In 2008, Millennium submitted a permit application for a mixed-use development project in the area surrounding the historic Capitol Records Building in Hollywood. The application specified the project would consist of 492 residential units, a 200-unit luxury hotel, 100,000 square feet of office space, a sports club and spa, more than 11,000 square feet of commercial uses, and 34,000 square feet of food and beverage uses. The application also included a detailed development plan describing the proposed high- and low-rise buildings. The City of Los Angeles informed Millennium that the proposed project violated the City’s allowed floor-area ratio and would require a variance. Millennium took no further action until 2011.
In 2011, Millennium submitted another permit application, again proposing a mixed-use development of essentially the same size as the 2008 proposed project. However, unlike the 2008 application, this application did not include a detailed description of the proposed buildings.
Similar to Millennium’s 2011 application, the project’s initial study stated the project would include 1,052,667 square feet of newly built floor area and the project would develop a mix of residential, hotel, office, and commercial uses. The initial study did not include drawings or any description of the number of buildings, their shape and size, their location, or their purposes. As described by Millennium’s lawyer, “the project description ‘is designed to create an impact “envelope” within which a range of development scenarios can occur.’”
Millennium then prepared its draft EIR. The draft EIR described a “conceptual plan . . . as an illustrative scenario to demonstrate a potential development program” (emphasis in original). This conceptual plan included three possible scenarios representing the maximum possible environmental impacts that could result from the project. The final EIR for the project contained the same project description set forth in the draft EIR.

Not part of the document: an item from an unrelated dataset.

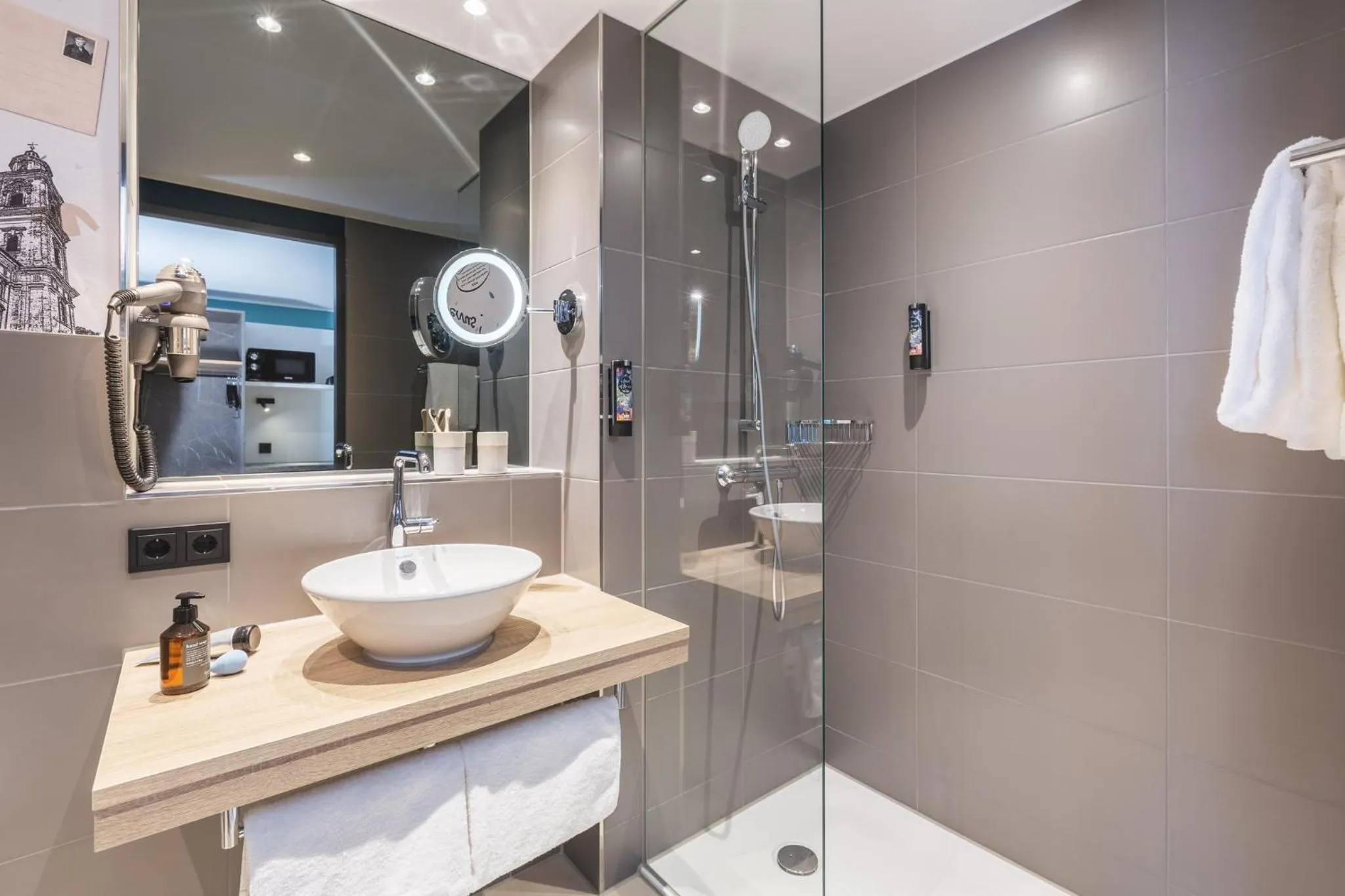 Photo of the whole room in Holiday Inn - the niu, Cure Erlangen by IHG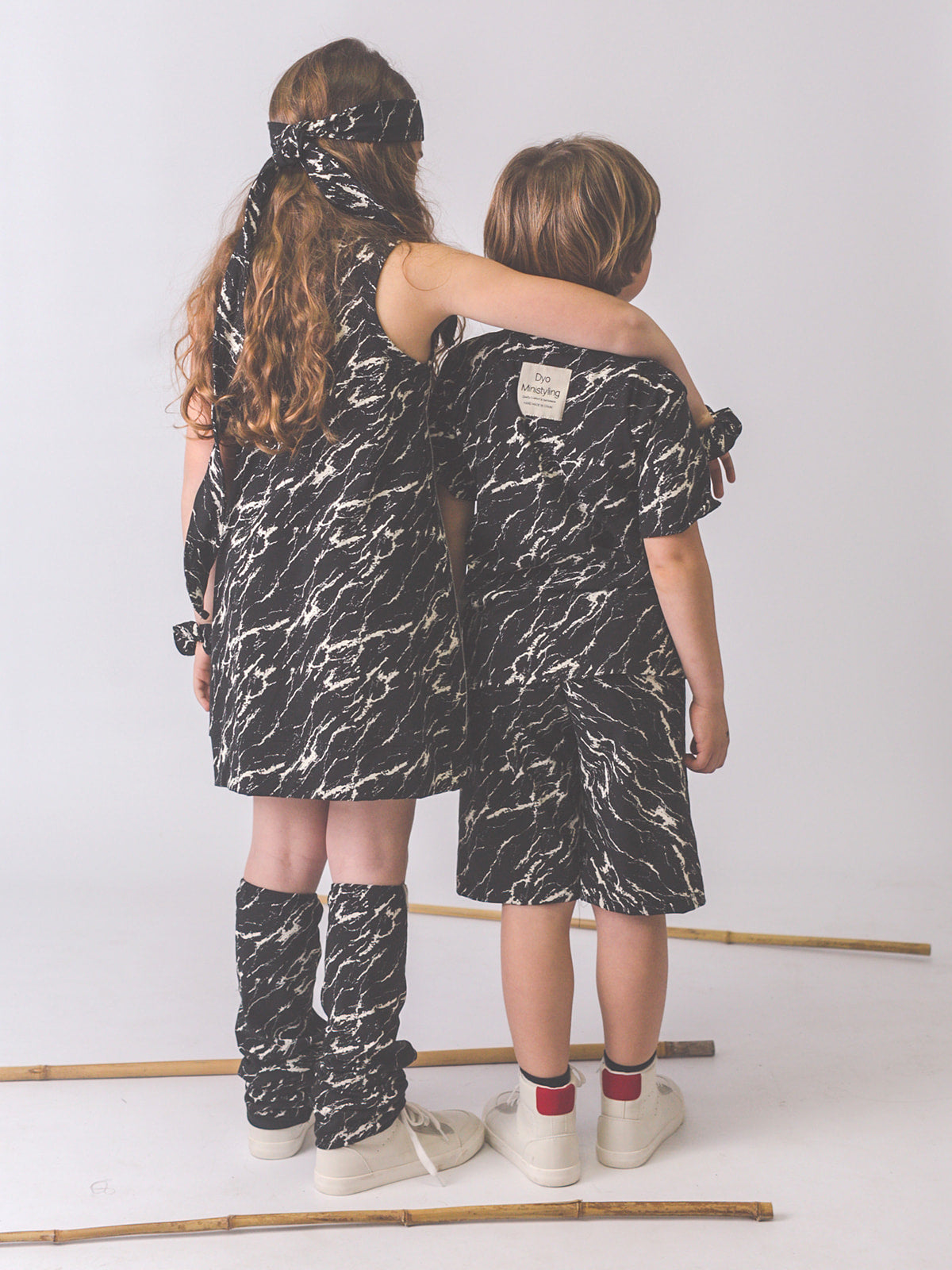 Moda sostenible- moda infantil- ropa niños y niñas- ropa bebé- primera puesta- vestido niña- chándal niño y niña- sudadera niño y niña - felpa niño y niña- moda española- moda infantil española-tiendas bonitas valencia- tienda moda infantil valencia- ropa moderna niño y niña-abrigo niño y niña- tienda ropa infantil- tienda de ropa bebé- vestido bebé-comunión- alergia niño y niña- tejido ecológico- pieles sensibles y atópicas- influencers- tendencia niños y niñas- ropa moderna- ropa con estilo-camiseta niños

Plaintiff, stopthemillenniumhollywood, challenged the EIR and filed a writ of mandate asking the trial court to direct the City to set aside its approval for the project because the project failed to provide an accurate, stable, and finite project description as required by CEQA. The trial court granted the petition, finding the project description “only provided a ‘blurred view of the project’” and thus was inconsistent with CEQA, which was “‘intended to provide the fullest information reasonably available on which the decision-makers and the public can rely in determining whether to start a project.’”
The trial court also distinguished Citizens for a Sustainable Treasure Island v. City and County of San Francisco (2014) 227 Cal.App.4th 1036, a decision which upheld approval of an EIR with a project description that included conceptual elements. Citizens for a Sustainable Treasure Island, unlike the project at issue in this case, involved a project site contaminated with hazardous materials, so the timing and nature of the development was unknown because cleanup of the project site had to be conducted before development could begin.
On review, the Court of Appeal affirmed the trial court’s finding that the project description was not accurate, stable, and finite and thus violated CEQA. The Court of Appeal explained, “an accurate, stable, and finite project description” is the “sine qua non of an informative and legally sufficient EIR.” The Court of Appeal also clarified the description was inadequate even though it analyzed the worst-case-scenario environmental effects because CEQA’s purpose “goes beyond an evaluation of theoretical environmental impacts.” Relatedly, an EIR that excludes pertinent information precludes informed public participation.
Overall, the Court of Appeal found the project’s conceptual plans failed to provide the public with any visual of the number of buildings that would be built or where the buildings would be located. Because the project description failed to describe the “siting, size, mass, or appearance of any building proposed to be built at the project site,” it was not accurate, stable, and finite.
[This case alert does not constitute legal advice and no attorney-client relationship is created by viewing or responding to this alert. Legal counsel should be sought for answers to specific legal questions.]